Output nothing but the lines from the first line of the listing below through the line containing "Scarpin-Christian-Louboutin-Modelo-Corneille", printed exactly and free of pictures.

=-=-=

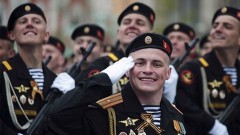 В параде Победы в Новочеркасске впервые примет участие морская пехота Каспийской флотилии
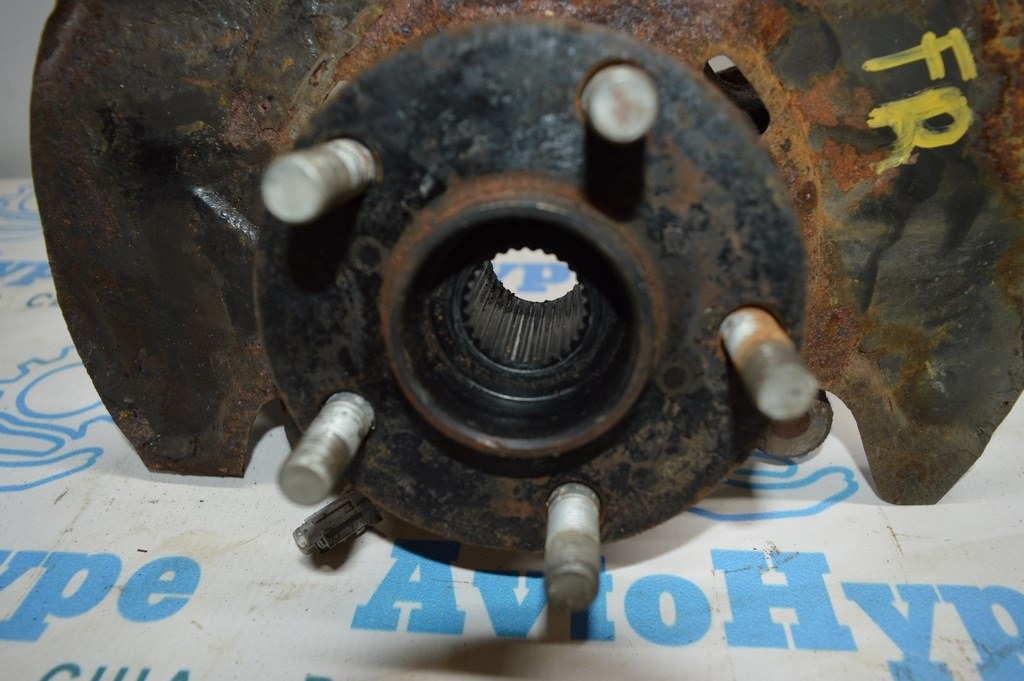 Ступица перед прав Subaru Forester 14-18 SJ (04)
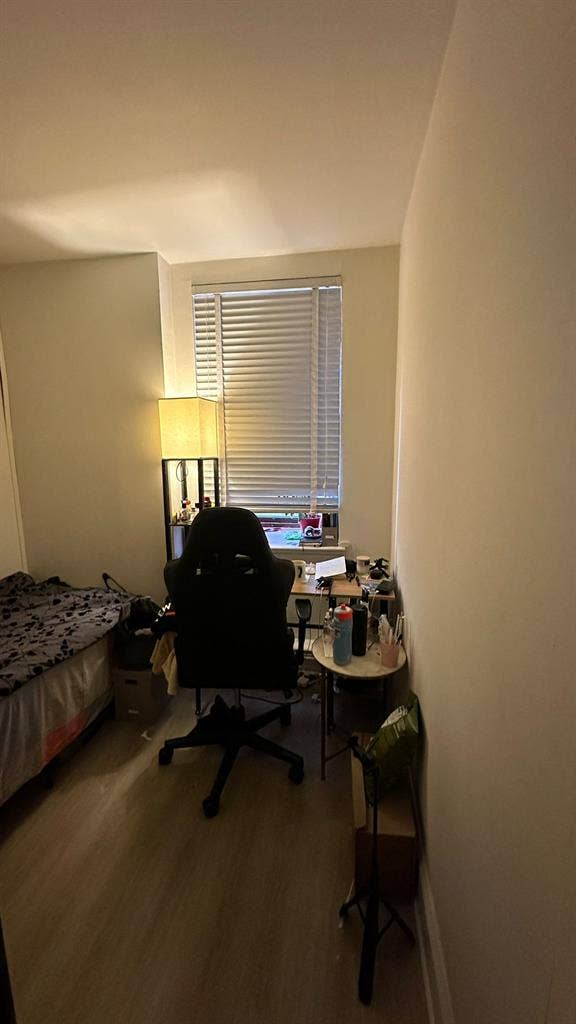 ✨Affordable Room in Midtown South✨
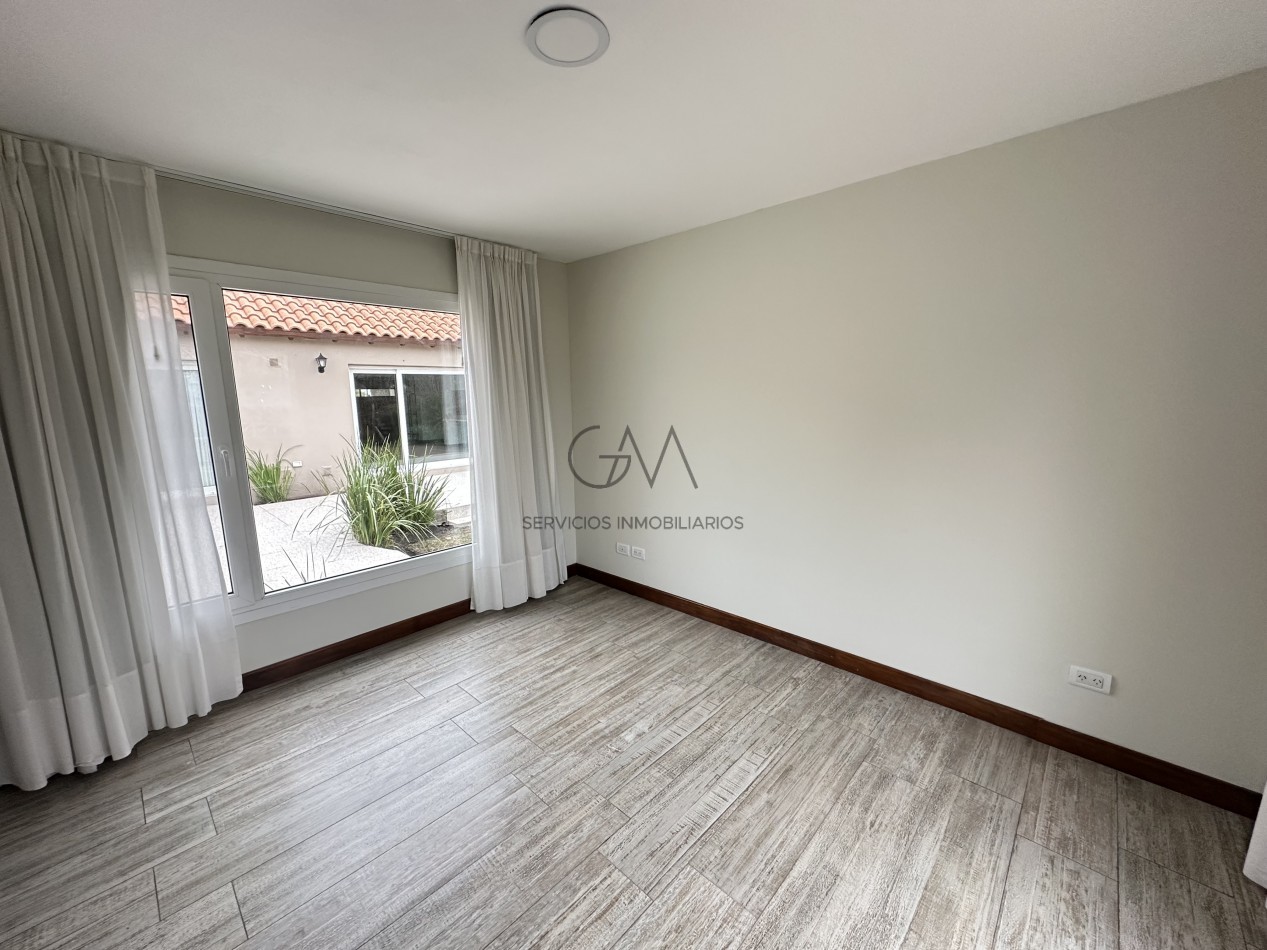 Casa en alquiler en Barrio Rumenco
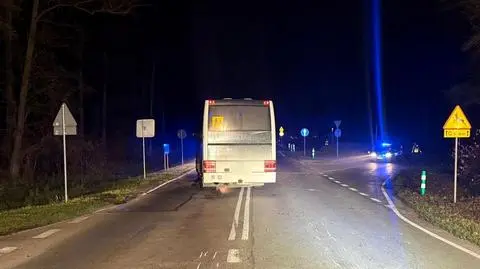 56-letni pieszy został potrącony przez autobus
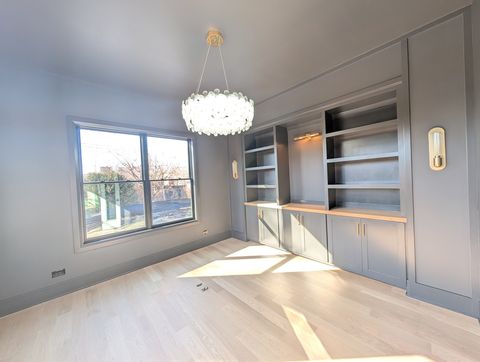 Tiny photo for 722 S Berkley Avenue, Elmhurst, IL 60126 (MLS # 12577464)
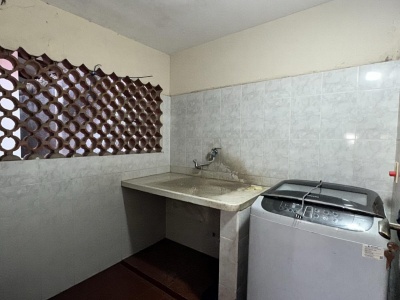 URBARI, CASA AMPLIA EN VENTA, DE 480M2, CON DEPARTAMENTO Y GARAJE PARA 4 VEHICULOS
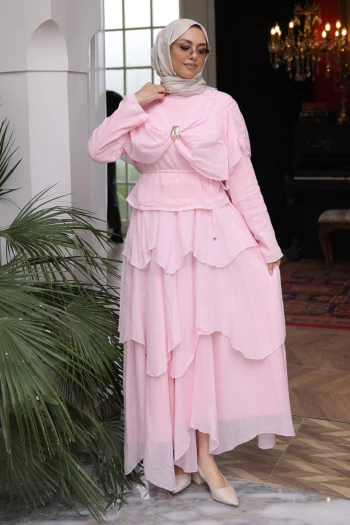 Pembe Bronşlu Omuz Pelerinli Eteği Katlı Takım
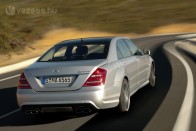 Elvben a Mercedes-Benz S 65 AMG L esetében 1 729 112 forintos csökkenést indokolna az adóterhek változása, elméletben a jelenlegi 70 575 000 Ft helyett jövőre 68 845 888 Ft volna listaára. Ám a csökkenés a forint gyenge árfolyama és a kurzus ingadozása miatt nem valószínű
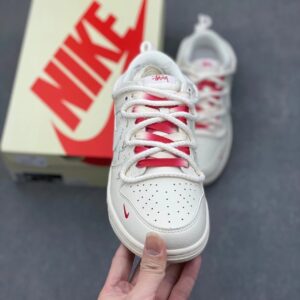 nike sb dunk low x stussy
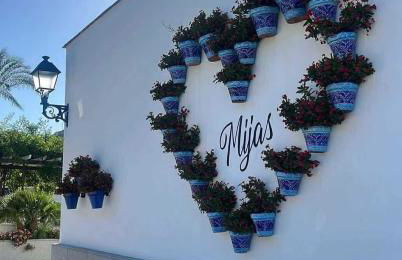 Riviera Del Sol Apartment - Photo 16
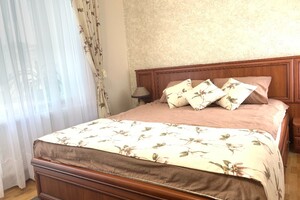 однокімнатна квартира в Тернополі, район Центр, на вул. Крушельницької Соломії в оренду на короткий термін подобово фото 2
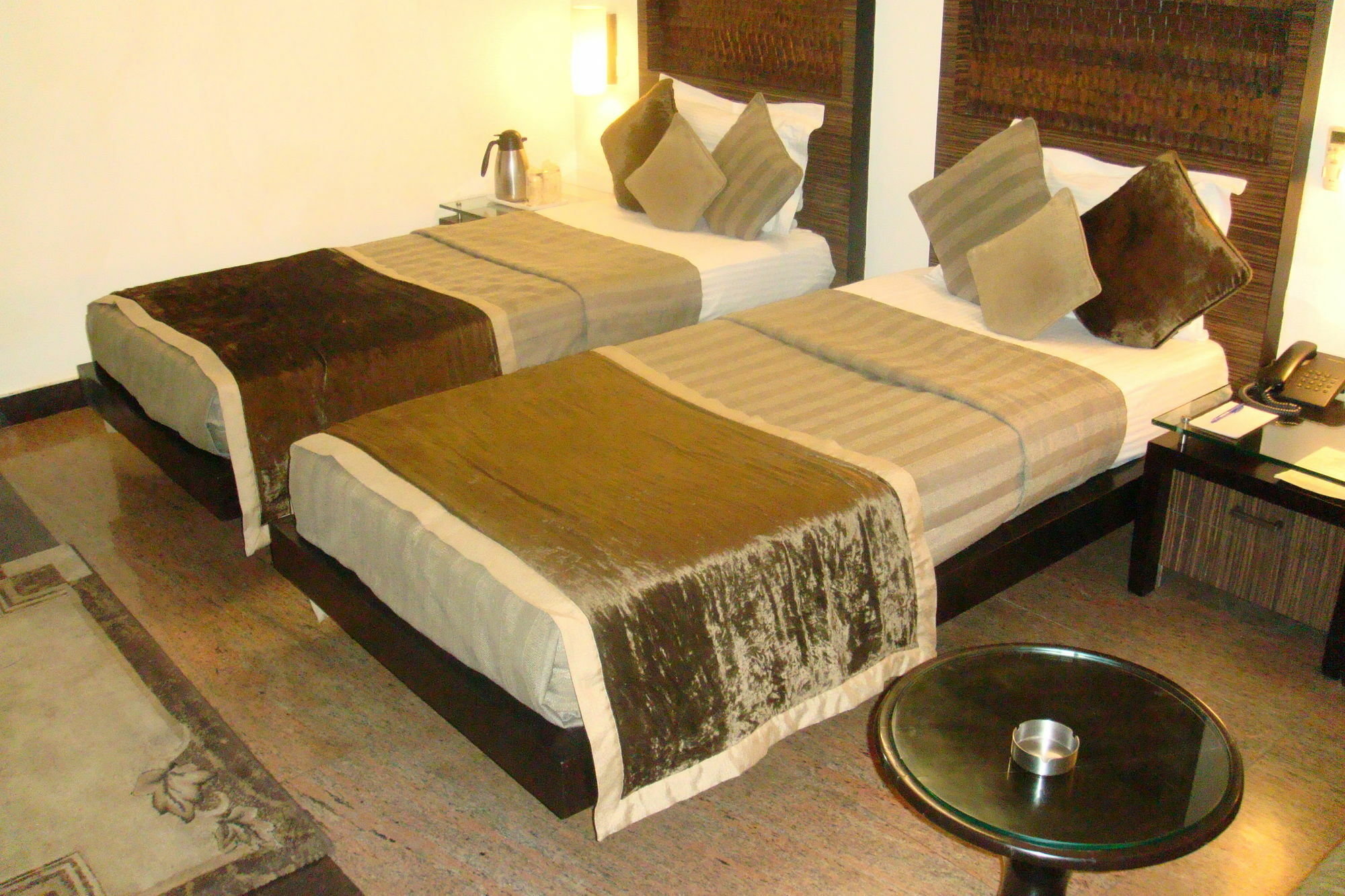 Shreyans Hotel 3*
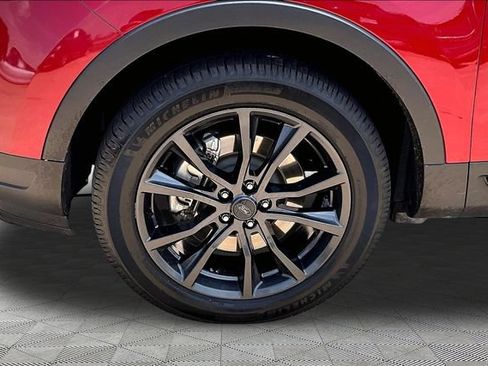 Used 2019 Ford Explorer XLT w/ Equipment Group 202A AWD/4WD image 8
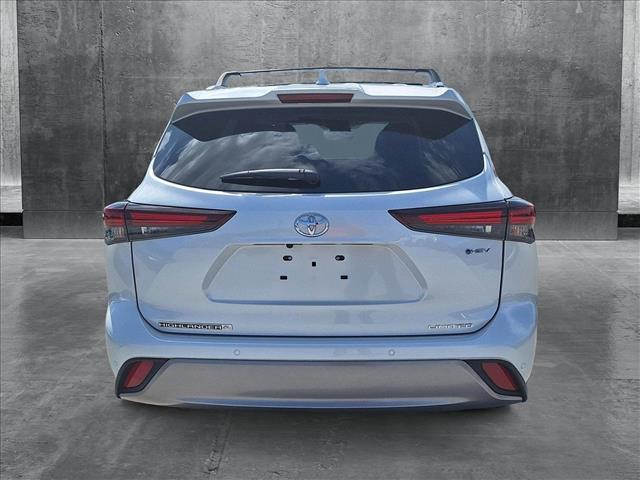 new 2025 Toyota Highlander Hybrid car, priced at $55,249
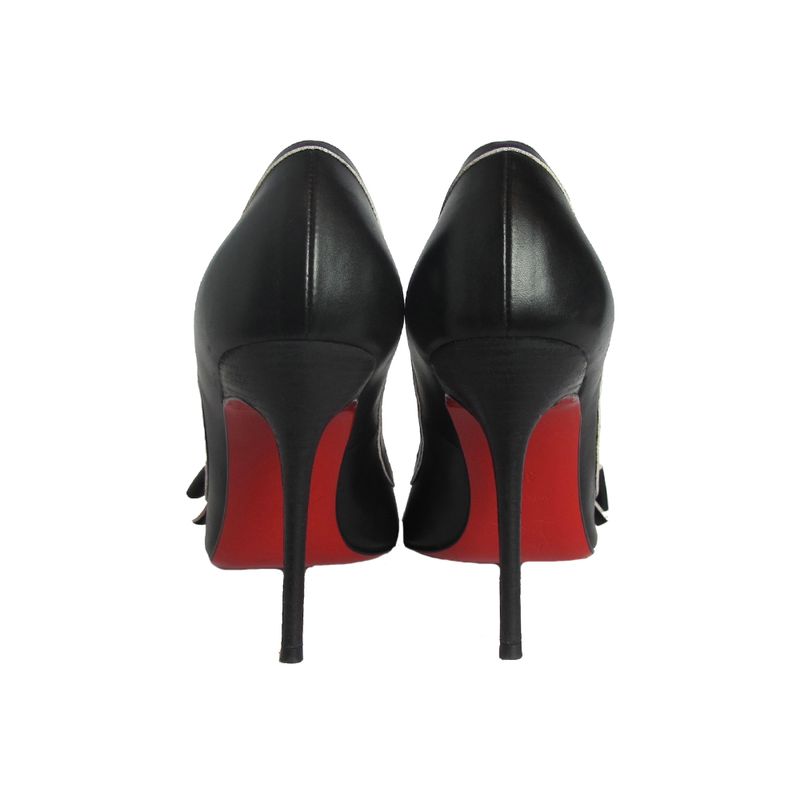 Scarpin-Christian-Louboutin-Modelo-Corneille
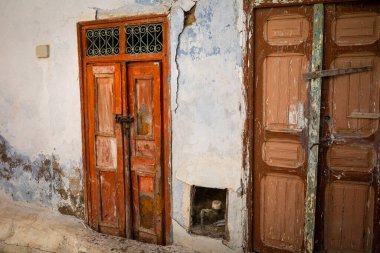 Kairouan, Tunus 'taki antik Medine' nin kalbindeki eski ve işlek ahşap kapılar. Kairouan İslam 'ın dördüncü en kutsal şehridir ve UNESCO' nun Dünya Mirasları Alanıdır..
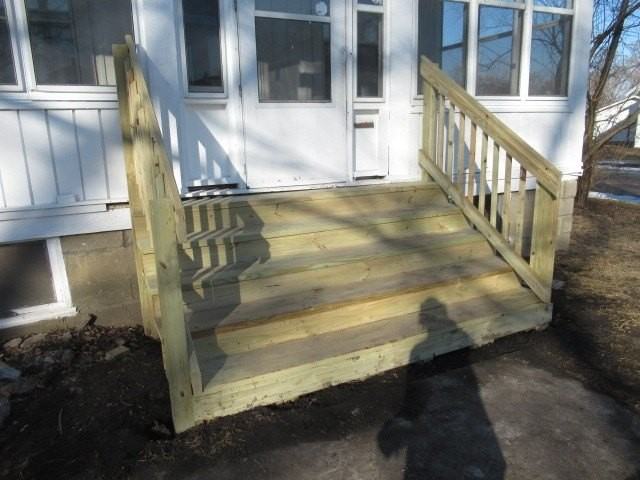 407 N Russell St - Photo 2 of 18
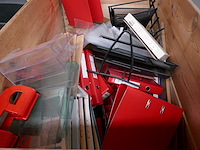 Pallet met opzetranden + zeer voorname partij bureelgerief - afbeelding 10 van  17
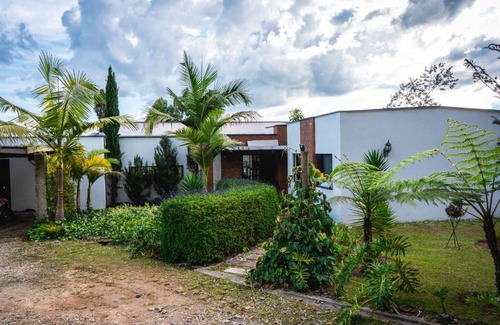 Retiro Villa | Villa Lorena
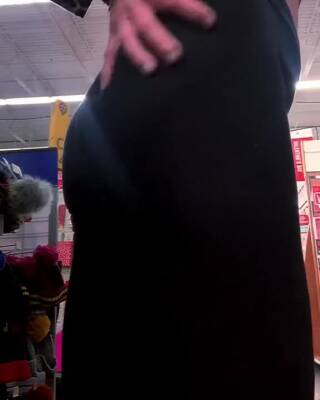 Walmart TIGHT Yoga Pants Fucking my Ass on a Public Sid - ashemaletube.com
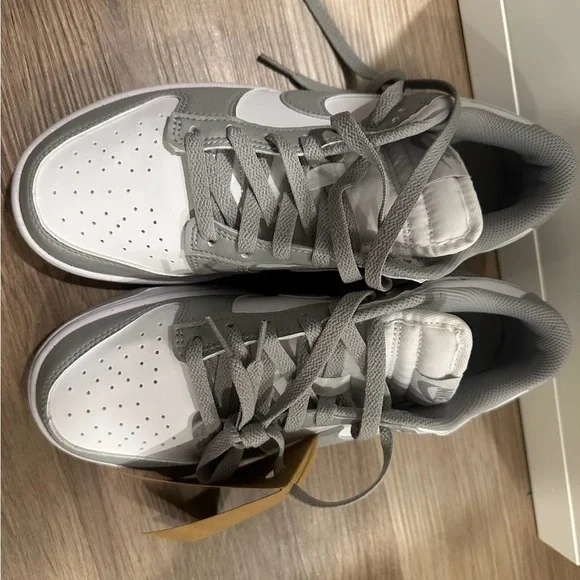 Nike Kids' Sneakers in Gray and White - Picture 6 of 7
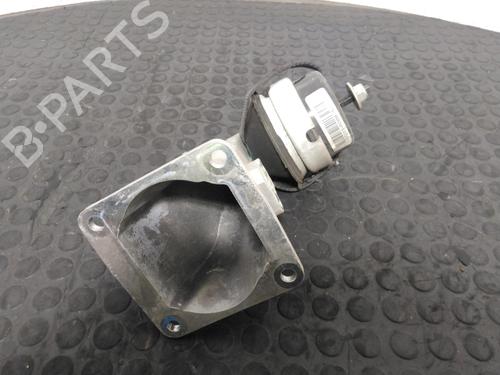 gearbox-mount-aston-martin-db9-vantage-2004-2005-2006-2007-2008-2009-2010-2011-2012-2013-2014-2015-2016-40343665 main image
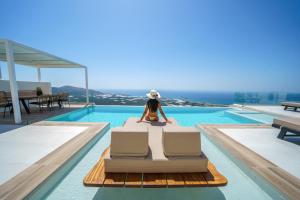 Nafsika Xenia - Odysseus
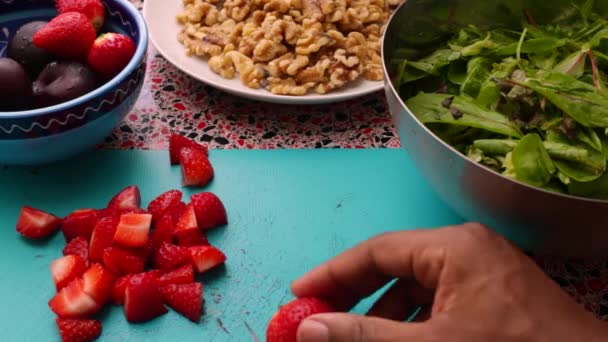 Şef Mutfakta Sağlıklı Salata Için Lezzetli Çilekler Hazırlıyor — Stok video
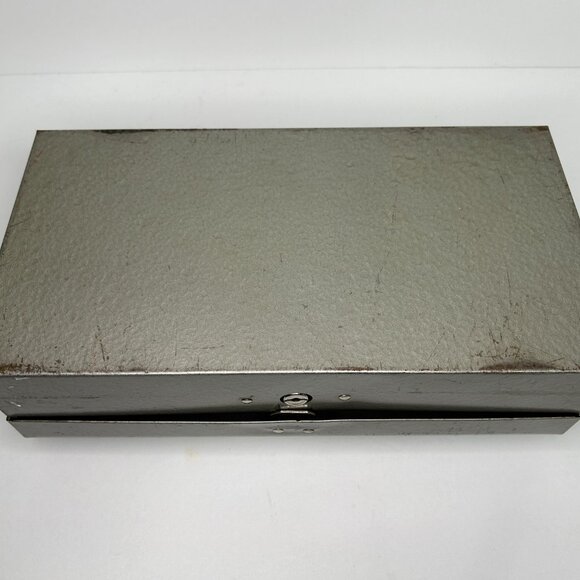 Beach Industries Limited Vintage Metal Cash Box - Picture 8 of 9
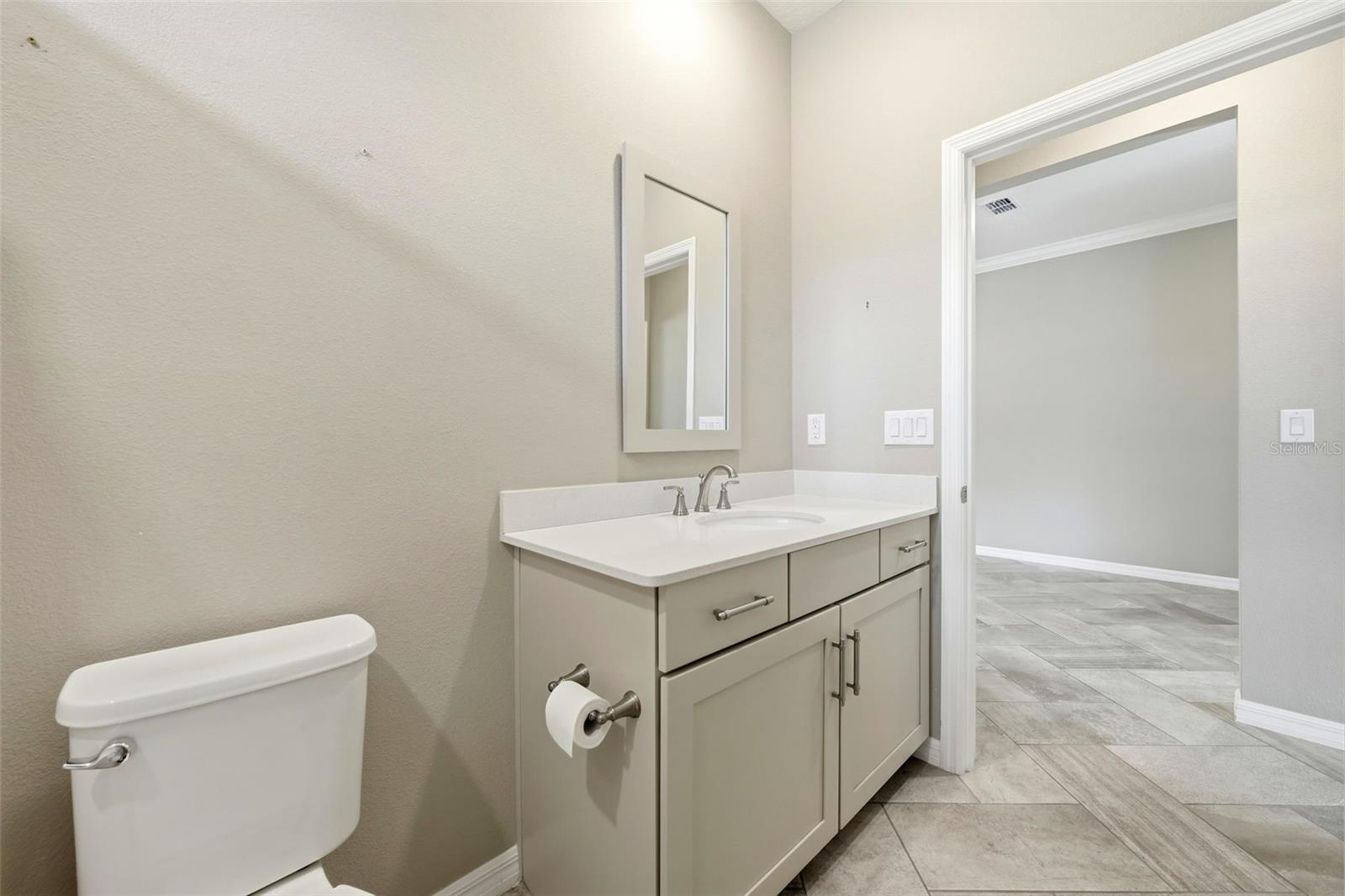 Image 32 of 42 For 7924 85th Loop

=-=-=

**Task solution:**
 В параде Победы в Новочеркасске впервые примет участие морская пехота Каспийской флотилии
 Ступица перед прав Subaru Forester 14-18 SJ (04)
 ✨Affordable Room in Midtown South✨
 Casa en alquiler en Barrio Rumenco
 56-letni pieszy został potrącony przez autobus
 Tiny photo for 722 S Berkley Avenue, Elmhurst, IL 60126 (MLS # 12577464)
 URBARI, CASA AMPLIA EN VENTA, DE 480M2, CON DEPARTAMENTO Y GARAJE PARA 4 VEHICULOS
 Pembe Bronşlu Omuz Pelerinli Eteği Katlı Takım
 Elvben a Mercedes-Benz S 65 AMG L esetében 1 729 112 forintos csökkenést indokolna az adóterhek változása, elméletben a jelenlegi 70 575 000 Ft helyett jövőre 68 845 888 Ft volna listaára. Ám a csökkenés a forint gyenge árfolyama és a kurzus ingadozása miatt nem valószínű
 nike sb dunk low x stussy
 Riviera Del Sol Apartment - Photo 16
 однокімнатна квартира в Тернополі, район Центр, на вул. Крушельницької Соломії в оренду на короткий термін подобово фото 2
 Shreyans Hotel 3*
 Used 2019 Ford Explorer XLT w/ Equipment Group 202A AWD/4WD image 8
 new 2025 Toyota Highlander Hybrid car, priced at $55,249
 Scarpin-Christian-Louboutin-Modelo-Corneille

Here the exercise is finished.